Work instructions
What is needed is an exact reproduction of the lines in the records below, starting at the line with "Maserati Quattroporte GTS 19" and ending at the line with "2023 Husqvarna SVARTPILEN", both included, and nothing else; pictures stay out.

Excerpted records
════════

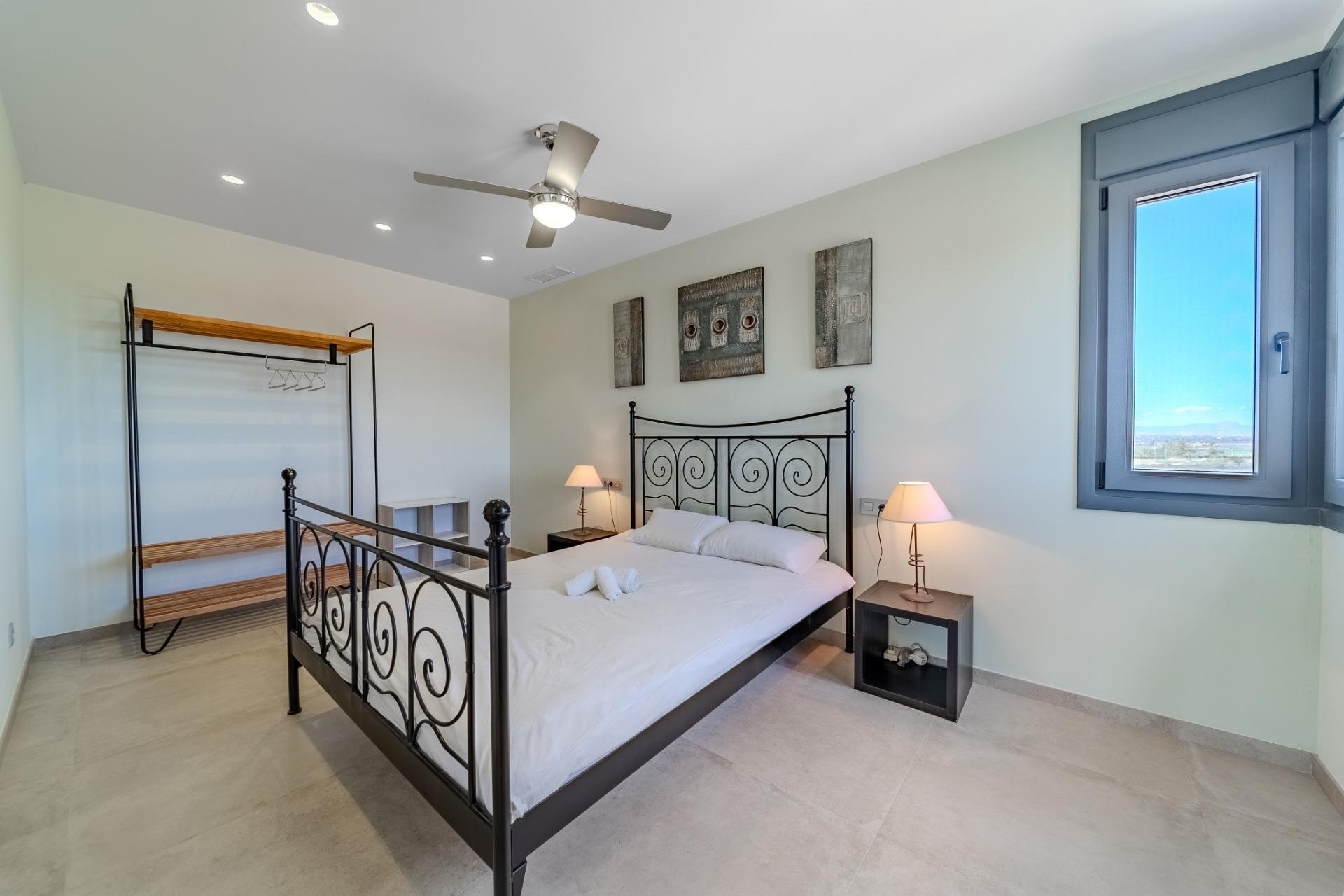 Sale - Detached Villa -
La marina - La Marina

════════

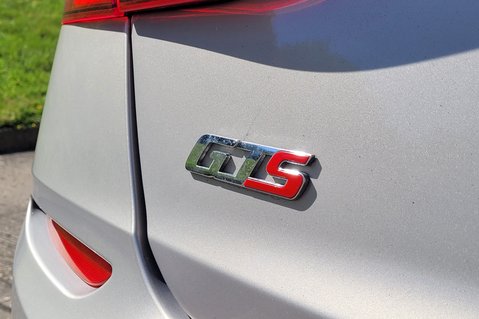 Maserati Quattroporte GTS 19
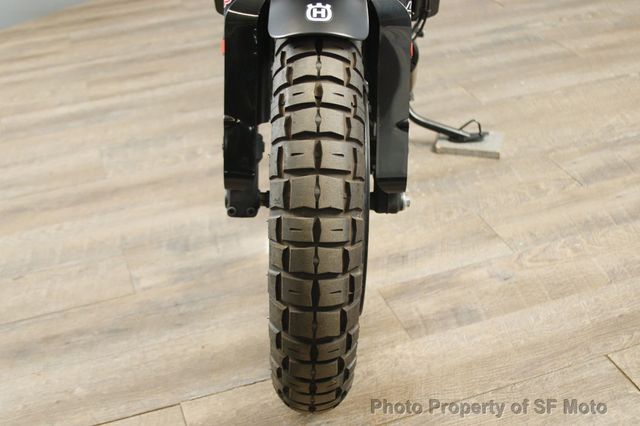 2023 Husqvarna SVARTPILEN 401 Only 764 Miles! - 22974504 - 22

════════

Your response
 Maserati Quattroporte GTS 19
 2023 Husqvarna SVARTPILEN 401 Only 764 Miles! - 22974504 - 22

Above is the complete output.